# Task:
Go through the listing below and write out exactly the lines from the one that mentions "Бенч-система на 6" through the one that mentions "900Pcs Red Beading", minus the pictures.

# Extracted records:
----------

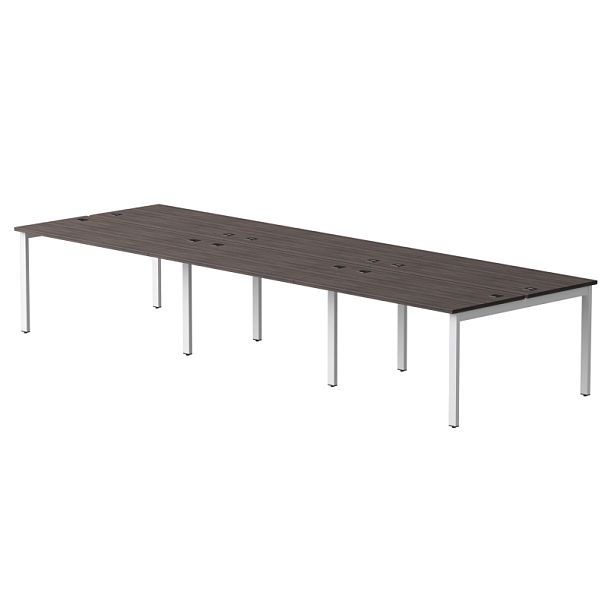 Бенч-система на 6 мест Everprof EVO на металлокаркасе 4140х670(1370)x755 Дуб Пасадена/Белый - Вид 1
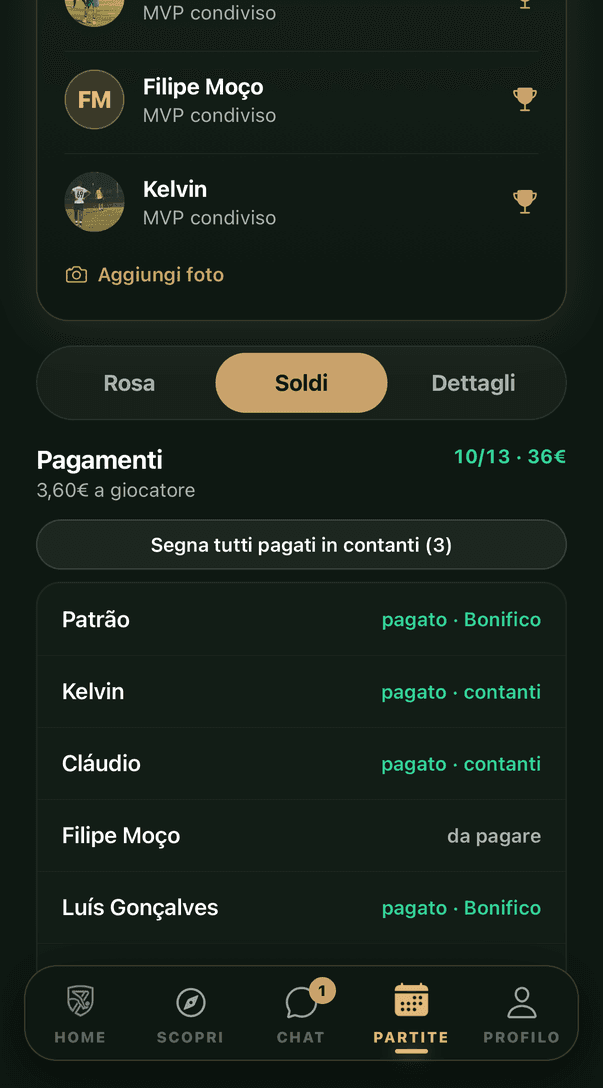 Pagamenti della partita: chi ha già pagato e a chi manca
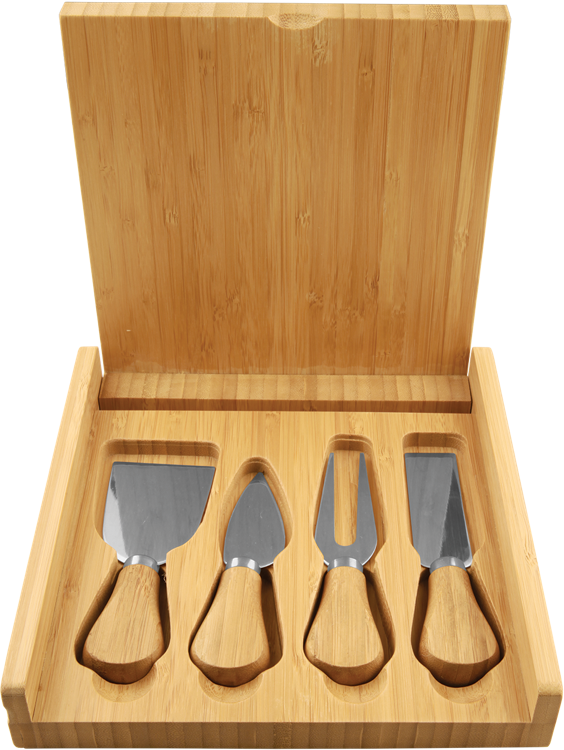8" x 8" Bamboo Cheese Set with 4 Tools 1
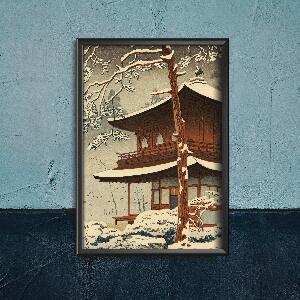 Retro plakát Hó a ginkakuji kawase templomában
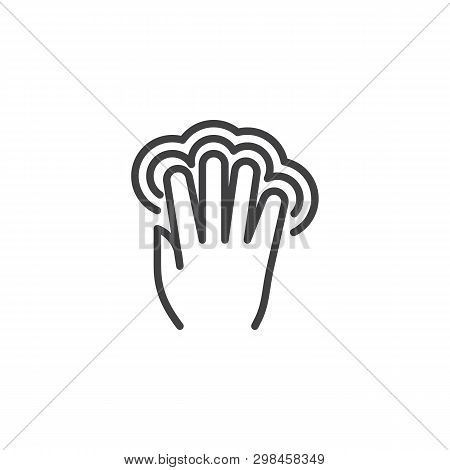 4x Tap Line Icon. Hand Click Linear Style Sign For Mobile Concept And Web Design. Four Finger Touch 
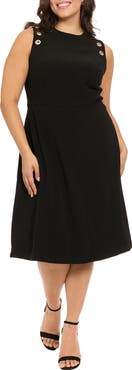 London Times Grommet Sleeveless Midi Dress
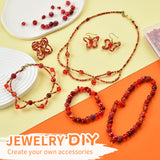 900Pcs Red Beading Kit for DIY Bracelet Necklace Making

----------

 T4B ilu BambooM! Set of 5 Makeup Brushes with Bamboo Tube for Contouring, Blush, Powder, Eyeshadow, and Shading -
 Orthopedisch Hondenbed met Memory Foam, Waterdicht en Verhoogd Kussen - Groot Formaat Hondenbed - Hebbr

----------

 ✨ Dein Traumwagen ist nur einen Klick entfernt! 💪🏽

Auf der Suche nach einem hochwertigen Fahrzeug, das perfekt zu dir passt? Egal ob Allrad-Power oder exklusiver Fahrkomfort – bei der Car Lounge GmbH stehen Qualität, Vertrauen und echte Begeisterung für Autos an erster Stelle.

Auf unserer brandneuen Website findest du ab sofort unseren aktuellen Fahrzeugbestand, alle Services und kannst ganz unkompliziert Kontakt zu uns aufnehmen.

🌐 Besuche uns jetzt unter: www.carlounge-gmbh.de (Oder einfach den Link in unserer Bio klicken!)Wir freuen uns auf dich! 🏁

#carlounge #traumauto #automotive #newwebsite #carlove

----------

# Answer to the problem:
 Бенч-система на 6 мест Everprof EVO на металлокаркасе 4140х670(1370)x755 Дуб Пасадена/Белый - Вид 1
 Pagamenti della partita: chi ha già pagato e a chi manca
8" x 8" Bamboo Cheese Set with 4 Tools 1
 Retro plakát Hó a ginkakuji kawase templomában
 4x Tap Line Icon. Hand Click Linear Style Sign For Mobile Concept And Web Design. Four Finger Touch 
 London Times Grommet Sleeveless Midi Dress
 900Pcs Red Beading Kit for DIY Bracelet Necklace Making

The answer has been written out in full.